Saturday, 3 October 2015
Currently I am a nobody in the grand scheme of things. I have yet to do anything outstanding. I have yet to make any changes that will influence people's lives for the better and I have yet to make my mark on the world. The person writing this is well aware that what follows has no standing to you dear reader, because its sauce is unknown, and its contents founded on limited experience. But I write for me as much as - if not more than - I write for you.
Champions speak a language that is alien to most. They do not only speak it externally to those around them, but they speak it internally also. The word 'mindset' should not be used. Rather, what I refer to is a way of approaching life that is unique. Unique is the right word to use because each champion was forged in different fires and has walked a different path. Although they are all different from each other, what they share is that they all differ from the masses in the same areas. Champions are unique; and have that in common.
While some settle for stability and safety, the champion climbs higher. He sets his intent on a goal and moves toward it step by step.
While most are short sighted in their approach to life, a champion plays the long game. Some work towards the weekend where they can enjoy a concentrated burst of happiness. But the champion has a fundamental understanding that time is extremely scarce.

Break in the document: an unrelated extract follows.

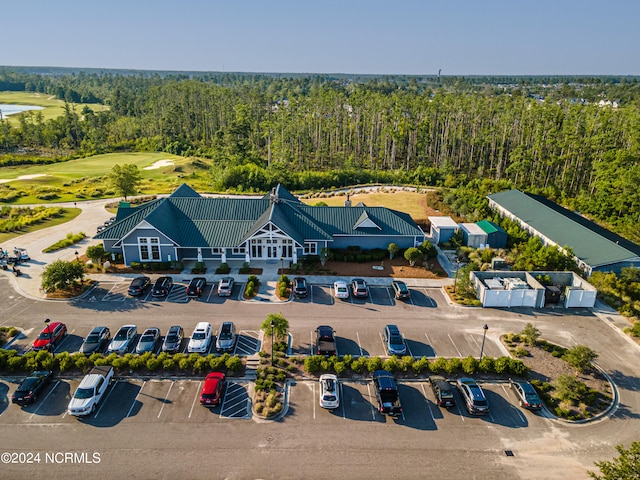 birds eye view of property with golf course view and a view of trees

So at every opportunity, he must take another step, however miniscule, in the direction of his goal.
Champions do not have 'dreams'. What champions have instead is a 'goal'. The difference is massive. In calling something your 'dream' you accept its impossibility. But in calling something a 'goal', you approach life with an inevitability that baffles others.
Champions are courageous. As discussed a while ago in my 'Fearless?' post, courage does not exist in the absence of fear. It exists because of fear. Champions demonstrate courage in planning their goals and even confessing them to others. I say 'confess' because it feels crazy, like a crime or a taboo subject to say to someone, I think I can do this. Here is what I'm going to try and do.

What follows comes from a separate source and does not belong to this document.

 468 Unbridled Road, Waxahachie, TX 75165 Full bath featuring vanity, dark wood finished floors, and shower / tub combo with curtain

The first time you do this, you feel silly and vulnerable. But as more and more people ask you what you do and why, you feel a deeper sense of pride and purpose. A lot of those feelings are antagonistic; born of a desire to prove naysayers wrong.

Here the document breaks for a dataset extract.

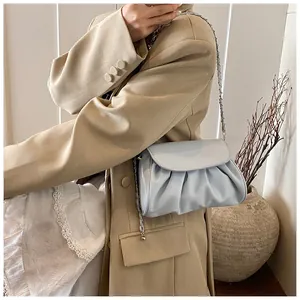 Detail view of light blue ruched cloud bag with silver metal and leather chain strap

I don't feel that. I feel impatient when I encounter naysayers. I've heard their attempts to drag me down so many times that now I avoid the subject of what I do and where I am going whenever possible.
It's not just naysayers that a champion avoids though. He finds people who have surrendered dangerous. Because he knows that they are content; and probably had goals or perhaps dreams or even a plan at one stage. Now they are a shadow of what they could have been. Always talking about what they used to be able to do and what they could have done. And when he finds himself in such a person's company he has a horrific vision of himself going down the exact same path of settle, surrender, stability, security, safety.
In the right company however, discussing where you intend to go and how you are willing to get there fans the flames of your dedication. It just takes some courage to start the conversation.
Champions appear arrogant and cocky to others. By the time their goals and plans are solidified and they have thought deeply and seriously about what they are going to try and accomplish, a champion in the making will seem so very sure of himself in the presence of others.
The reason for this is that they are trying to convince themselves as much as others that they are capable of such things.
For me, beneath a shell of very real confidence earned over years of hard work bubbles a seething pit of mixed up emotions. Akin to the mood swings of adolescent females, I will feel one day like my success is completely inevitable; only to wake up the next day to fear, doubt, loneliness and insecurity.
But as well as all this champions have perspective. Why can't some people realise that they are going to die. And why are people so afraid of death?
(I felt you cringe through the internet as this post took a turn to the deeper side. But we'll save that rabbit hole for another post;)
I think most champions have an understanding of a very simple concept.
I am going to die.
If I don't try to do something outstanding, I'm still going to die.
If I try and do something outstanding I might do something good before I die.
Facing up to one's mortality reduces the fear of failure. It gives you a boldness that people who cower in comfort and pleasure will only 'dream' of because they couldn't see past the weekend.
So this language of champions is born of many things, only a small number discussed in this post.
Namely; acceptance of mortality; goals and plans in the place of dreams; confidence built by hard work but quelled by emotions; and a separation from people who are willing to settle for less than they are capable of.
Ever experience any of the aforementioned feelings? What's stopping you from achieving your goal? Probably a million things correct?